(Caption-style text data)
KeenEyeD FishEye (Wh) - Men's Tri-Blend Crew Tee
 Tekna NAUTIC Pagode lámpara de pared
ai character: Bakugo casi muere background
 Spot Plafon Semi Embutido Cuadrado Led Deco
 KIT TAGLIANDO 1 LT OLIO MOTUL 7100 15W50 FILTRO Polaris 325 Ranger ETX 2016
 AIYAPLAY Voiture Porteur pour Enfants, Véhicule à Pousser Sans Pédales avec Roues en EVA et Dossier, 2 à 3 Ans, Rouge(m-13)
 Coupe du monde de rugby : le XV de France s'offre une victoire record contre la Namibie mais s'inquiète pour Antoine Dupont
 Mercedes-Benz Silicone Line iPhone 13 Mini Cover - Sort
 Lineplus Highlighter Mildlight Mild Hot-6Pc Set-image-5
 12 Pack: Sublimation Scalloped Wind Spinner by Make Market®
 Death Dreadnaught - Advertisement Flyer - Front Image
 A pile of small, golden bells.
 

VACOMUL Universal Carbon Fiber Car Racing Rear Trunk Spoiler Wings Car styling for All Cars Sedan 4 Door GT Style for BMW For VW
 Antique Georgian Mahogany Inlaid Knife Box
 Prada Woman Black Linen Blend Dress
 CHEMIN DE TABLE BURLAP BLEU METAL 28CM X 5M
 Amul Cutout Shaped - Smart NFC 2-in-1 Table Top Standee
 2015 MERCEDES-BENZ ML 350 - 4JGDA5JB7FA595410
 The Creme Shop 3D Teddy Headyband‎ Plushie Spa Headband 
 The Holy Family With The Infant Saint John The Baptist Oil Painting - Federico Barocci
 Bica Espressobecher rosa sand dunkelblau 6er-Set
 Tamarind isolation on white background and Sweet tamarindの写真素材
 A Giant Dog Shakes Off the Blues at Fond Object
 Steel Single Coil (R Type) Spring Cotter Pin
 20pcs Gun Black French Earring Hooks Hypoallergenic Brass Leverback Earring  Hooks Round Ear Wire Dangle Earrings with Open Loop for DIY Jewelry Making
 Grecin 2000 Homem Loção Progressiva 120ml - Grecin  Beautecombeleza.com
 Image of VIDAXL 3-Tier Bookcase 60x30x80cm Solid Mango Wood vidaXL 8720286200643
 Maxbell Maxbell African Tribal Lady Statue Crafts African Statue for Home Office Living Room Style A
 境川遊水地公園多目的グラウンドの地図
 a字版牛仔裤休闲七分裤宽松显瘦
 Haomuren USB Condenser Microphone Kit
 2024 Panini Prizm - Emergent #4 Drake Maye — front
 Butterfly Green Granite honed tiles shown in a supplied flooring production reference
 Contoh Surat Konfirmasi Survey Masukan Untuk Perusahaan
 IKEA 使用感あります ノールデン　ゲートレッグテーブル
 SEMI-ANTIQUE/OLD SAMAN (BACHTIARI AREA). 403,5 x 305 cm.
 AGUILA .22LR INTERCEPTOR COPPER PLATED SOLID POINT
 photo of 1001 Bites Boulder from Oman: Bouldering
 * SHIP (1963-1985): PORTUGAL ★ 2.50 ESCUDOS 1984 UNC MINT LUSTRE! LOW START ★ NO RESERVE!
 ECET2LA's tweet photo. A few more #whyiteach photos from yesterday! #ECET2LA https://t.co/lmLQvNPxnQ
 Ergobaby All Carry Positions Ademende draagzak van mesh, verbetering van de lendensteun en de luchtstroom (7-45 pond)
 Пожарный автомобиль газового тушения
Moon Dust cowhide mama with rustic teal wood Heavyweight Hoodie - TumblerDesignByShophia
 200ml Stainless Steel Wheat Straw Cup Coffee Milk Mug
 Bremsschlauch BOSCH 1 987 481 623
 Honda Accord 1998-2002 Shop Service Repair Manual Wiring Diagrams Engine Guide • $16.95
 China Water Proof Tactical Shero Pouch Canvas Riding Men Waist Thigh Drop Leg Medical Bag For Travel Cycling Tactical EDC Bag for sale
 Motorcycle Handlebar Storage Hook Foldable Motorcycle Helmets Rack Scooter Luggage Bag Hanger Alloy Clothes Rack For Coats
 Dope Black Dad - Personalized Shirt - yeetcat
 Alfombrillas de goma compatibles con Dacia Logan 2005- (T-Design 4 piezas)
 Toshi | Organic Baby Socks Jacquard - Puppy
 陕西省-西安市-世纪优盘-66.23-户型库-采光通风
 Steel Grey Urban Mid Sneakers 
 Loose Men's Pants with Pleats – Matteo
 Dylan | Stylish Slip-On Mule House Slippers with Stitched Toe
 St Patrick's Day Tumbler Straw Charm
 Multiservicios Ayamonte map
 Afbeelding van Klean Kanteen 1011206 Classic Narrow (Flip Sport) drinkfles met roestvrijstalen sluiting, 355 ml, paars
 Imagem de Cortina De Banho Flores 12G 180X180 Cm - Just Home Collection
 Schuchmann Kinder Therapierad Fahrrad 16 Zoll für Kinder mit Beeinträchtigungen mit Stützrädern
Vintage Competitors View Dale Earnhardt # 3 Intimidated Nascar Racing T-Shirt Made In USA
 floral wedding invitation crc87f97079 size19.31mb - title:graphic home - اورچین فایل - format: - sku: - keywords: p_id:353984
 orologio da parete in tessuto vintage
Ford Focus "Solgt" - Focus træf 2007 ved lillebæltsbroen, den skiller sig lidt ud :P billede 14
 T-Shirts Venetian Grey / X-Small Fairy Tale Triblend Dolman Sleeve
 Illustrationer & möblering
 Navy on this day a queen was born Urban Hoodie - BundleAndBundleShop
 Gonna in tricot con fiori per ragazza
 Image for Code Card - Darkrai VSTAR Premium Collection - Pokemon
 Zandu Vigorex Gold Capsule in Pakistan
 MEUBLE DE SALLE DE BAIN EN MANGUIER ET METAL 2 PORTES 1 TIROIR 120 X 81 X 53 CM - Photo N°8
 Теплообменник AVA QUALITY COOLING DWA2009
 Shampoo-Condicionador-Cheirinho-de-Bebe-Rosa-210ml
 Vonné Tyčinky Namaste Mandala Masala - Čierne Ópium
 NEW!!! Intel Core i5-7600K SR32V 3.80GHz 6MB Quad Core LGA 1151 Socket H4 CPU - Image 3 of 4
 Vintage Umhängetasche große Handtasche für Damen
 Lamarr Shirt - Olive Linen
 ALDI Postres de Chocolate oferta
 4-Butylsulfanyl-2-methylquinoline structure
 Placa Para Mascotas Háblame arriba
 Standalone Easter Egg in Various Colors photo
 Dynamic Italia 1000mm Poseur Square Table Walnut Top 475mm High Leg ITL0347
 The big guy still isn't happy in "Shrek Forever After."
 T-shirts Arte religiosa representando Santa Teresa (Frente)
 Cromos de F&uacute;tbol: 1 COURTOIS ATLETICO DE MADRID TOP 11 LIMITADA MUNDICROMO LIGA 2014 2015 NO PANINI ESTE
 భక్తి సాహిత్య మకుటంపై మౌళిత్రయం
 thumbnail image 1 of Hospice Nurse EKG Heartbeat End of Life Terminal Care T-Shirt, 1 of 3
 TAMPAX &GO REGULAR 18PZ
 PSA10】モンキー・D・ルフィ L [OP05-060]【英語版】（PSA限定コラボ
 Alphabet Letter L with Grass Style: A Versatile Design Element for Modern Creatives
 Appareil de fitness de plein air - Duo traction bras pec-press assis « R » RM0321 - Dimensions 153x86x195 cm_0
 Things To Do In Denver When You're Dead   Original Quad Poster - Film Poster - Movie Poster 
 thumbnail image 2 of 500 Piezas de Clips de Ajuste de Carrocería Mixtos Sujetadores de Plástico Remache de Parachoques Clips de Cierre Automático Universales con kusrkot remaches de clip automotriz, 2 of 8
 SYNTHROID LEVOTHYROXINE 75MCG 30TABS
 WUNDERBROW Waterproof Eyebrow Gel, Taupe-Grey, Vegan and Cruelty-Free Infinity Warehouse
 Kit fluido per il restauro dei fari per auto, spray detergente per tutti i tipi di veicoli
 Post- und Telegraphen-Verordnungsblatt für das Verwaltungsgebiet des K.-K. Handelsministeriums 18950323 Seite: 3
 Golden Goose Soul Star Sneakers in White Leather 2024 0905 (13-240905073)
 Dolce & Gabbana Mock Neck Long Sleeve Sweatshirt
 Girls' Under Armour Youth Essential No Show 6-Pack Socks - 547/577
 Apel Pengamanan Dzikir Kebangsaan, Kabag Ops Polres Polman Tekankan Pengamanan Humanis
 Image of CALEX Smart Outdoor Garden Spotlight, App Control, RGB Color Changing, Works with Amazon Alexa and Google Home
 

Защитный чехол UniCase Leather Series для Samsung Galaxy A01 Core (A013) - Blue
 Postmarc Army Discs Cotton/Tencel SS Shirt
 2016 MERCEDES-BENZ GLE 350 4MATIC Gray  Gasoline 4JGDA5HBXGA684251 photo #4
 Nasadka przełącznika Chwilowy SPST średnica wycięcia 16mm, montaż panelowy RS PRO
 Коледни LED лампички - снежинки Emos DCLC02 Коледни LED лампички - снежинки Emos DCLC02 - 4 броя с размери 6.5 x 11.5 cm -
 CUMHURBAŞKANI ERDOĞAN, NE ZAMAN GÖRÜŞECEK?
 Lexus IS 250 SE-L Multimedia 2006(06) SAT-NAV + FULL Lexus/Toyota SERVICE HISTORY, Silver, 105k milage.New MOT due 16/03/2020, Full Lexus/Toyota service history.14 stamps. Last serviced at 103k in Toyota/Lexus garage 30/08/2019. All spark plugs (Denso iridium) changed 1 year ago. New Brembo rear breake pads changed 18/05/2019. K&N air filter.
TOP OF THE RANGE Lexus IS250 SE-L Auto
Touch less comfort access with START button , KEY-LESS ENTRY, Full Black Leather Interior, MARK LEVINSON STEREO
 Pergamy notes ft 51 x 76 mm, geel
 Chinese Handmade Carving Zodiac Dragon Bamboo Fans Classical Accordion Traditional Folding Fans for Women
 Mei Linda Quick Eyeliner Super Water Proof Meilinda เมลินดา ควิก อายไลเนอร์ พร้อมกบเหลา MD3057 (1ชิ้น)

AIM OF THE TASK: Which lines of the entries above contain the word "Smart"? Copy each of them.

ANSWER:
 Amul Cutout Shaped - Smart NFC 2-in-1 Table Top Standee
 Image of CALEX Smart Outdoor Garden Spotlight, App Control, RGB Color Changing, Works with Amazon Alexa and Google Home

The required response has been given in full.